Consider binary random vector $X \in \{0, 1\}^n$. Consider the most general model for such a random vector $\Omega = \{ \theta=(\theta_x)_{x \in\{0,1\}^n} | \theta_x\ge0, \forall x \in \{0, 1\}^n, \sum \theta_x =1\}$. Each $\theta \in \Omega$ can be viewed as a vector in $\mathbb R^{2^n}$ whose elements are greater than or equal to 0 and sum to 1. Consider the loss function $L(\theta, a)=\underset {x}{max}|\theta_x - a_x|=\Vert \theta-a \Vert_\infty$.
Show that for any decision rule $\delta:\{0,1\}^n \rightarrow\Omega$,
$\underset {\theta}{\operatorname {max}} \mathbb E[L(\theta, \delta(X)]\ge \underset {\theta'}{min} \underset {\theta}{max}\Vert\theta-\theta'\Vert_\infty$
Hint: use Jensen's inequality and note that ${max}_i|z_i|$ is convex.

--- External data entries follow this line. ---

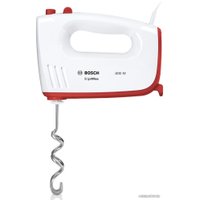 Миксер Bosch MFQ36300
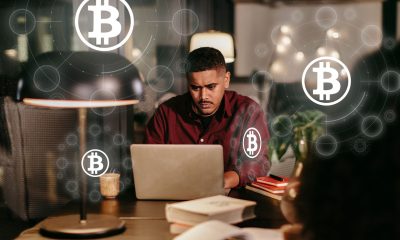 BTC slips back near $75,000 as investors turn elsewhere for gains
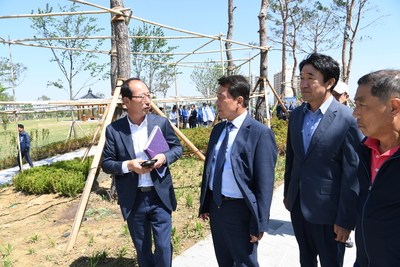 상생도시숲조성삼례읍민환영기념행사(35).JPG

Current work: Jensen's inequality states that $f(EX)\le Ef(x)$.
$\displaystyle \max_{\theta\in\Omega}EL(\theta,\delta(X))=\max_{\theta\in\Omega}E\max_{x\in\{0,1\}^n}|\theta_x-\delta(X)_x|\ge\max_{\theta\in\Omega}\max_{x\in\{0,1\}^n}|\theta_x-E\delta(X)_x|\ge\min_{\theta'\in\Omega}\max_{\theta\in\Omega}\max_{x\in\{0,1\}^n}|\theta_x-\theta'_x|=\min_{\theta'\in\Omega}\max_{\theta\in\Omega}\Vert \theta-\theta'\Vert_\infty$
Are these steps valid? Mainly the first inequality which is an application of Jensen's inequality.